Government must protect the public from financial crime wave

Oscar Williams-Grut
Senior City Correspondent, Yahoo Finance UK
The Del Boys of the past have now been replaced by digital conmen who are running riot. Photo: Andy Butterton/PA via Getty Images

As Boris Johnson pledges to put 20,000 more police on Britain’s streets, the country is facing a crime wave that more Bobbies on the beat are unlikely to solve.

The UK is in the midst of a “very serious epidemic” of financial crime, Financial Conduct Authority (FCA) chair Charles Randell warned on Thursday.

An estimated 3.8 million people were hit by scams or fraudulent investments last year.

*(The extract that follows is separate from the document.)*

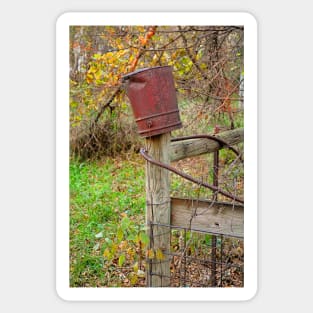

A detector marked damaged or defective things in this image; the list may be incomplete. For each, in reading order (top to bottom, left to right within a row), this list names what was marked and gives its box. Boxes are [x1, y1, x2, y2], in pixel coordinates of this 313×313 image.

The average fraud costs a person £30,000, meaning as much as £114bn may be being skimmed from the public’s savings.

Unscrupulous individuals have been trying to dupe people out of their cash for as long as money has existed, but a combination of factors has pushed the problem to “epidemic” levels.

The internet has made marketing cheap and global. Low interest rates have left people hunting for yield. And, crucially, reforms to pension freedoms introduced in Britain in 2015 mean many savers are doing this hunting themselves, rather than outsourcing it to professionals.

This cocktail has given rise to a host of digital Del Boys who con the public out of their savings with reassurances that high-risk, unregulated investments are “asset-backed” or “secure”.

The highest profile problems have been in the mini-bond sector, where savers buy high-interest, illiquid bonds often unaware that the companies issuing them are at risk of blowing up and leaving investors with nothing.

London Capital & Finance raised over £200m selling mini-bonds before going bust at the start of the year. Investors now face an agonising battle to recover anything.

READ MORE: Government 'unsympathetic' to major bust bond scheme investors

The Serious Fraud Office is now investigating and arrests have been made. The Treasury has also launched an independent inquiry, which will look at whether reform is needed to protect investors from similar blowups.

It is the right step but not enough. Action is needed now. Inquiries can drag on for months and years, and in the meantime the public will continue to suffer.

Yahoo Finance UK has reported that Brits are still being targeted with adverts for mini-bonds when they search terms as anodyne as “savings”. BondReview.co.uk, a blog that follows the space, estimates that £1bn has been lost through mini-bond collapses this year alone. This is just one form of financial crime. Other products Randell warned about include forex and cryptocurrency investment scams.

The Treasury is not short on suggestions of what to do. Dr Saboor Mir, a retired eye surgeon who lost £50,000 investing in mini-bonds, told Yahoo Finance UK he wants all investment products to be registered by the FCA.

READ MORE: Retired doctor who lost £50,000 on risky bonds calls for rule change

This may prove unworkable. Randell pointed out shares and bonds are unregulated, so this type of reform would warrant far-reaching changes.

However, Randell put forward a relatively straight forward proposal: give the FCA more control over financial adverts.

“The financial promotions regime is ripe for re-examination,” he said.

“A well-functioning financial promotions regime would label a high-risk unquoted and unregulated investment as exactly that, and say clearly that it’s not the right investment for all of your life savings.

“And phrases like ‘secured’ or ‘asset-backed’ could be banned; they are often highly misleading since the so-called security or asset-backing can be worthless.”

Regulating investment ads is a necessary first step. But it is clear more wholesale changes are needed to eliminate grey areas and give the FCA power to act when it spots wrongdoing.

READ MORE: Savers targeted with ads on Google for 'bonds' that put all their money at risk

Unfortunately, the government shows little signs that rule changes are a priority. Between Brexit and this week’s spending review, the Treasury is stretched to the limit and the government doesn’t have the numbers to get any legislation passed.

This is no excuse. Reform of this nature should be a non-partisan issue and real harm is being done so long as inaction continues.

“Fraud can destroy not just the victim’s savings but also their mental and physical wellbeing,” Randell said. “The devastating impact of these crimes hits not only the victims but also their families.”

The government must reform the rules now. The public deserves no less.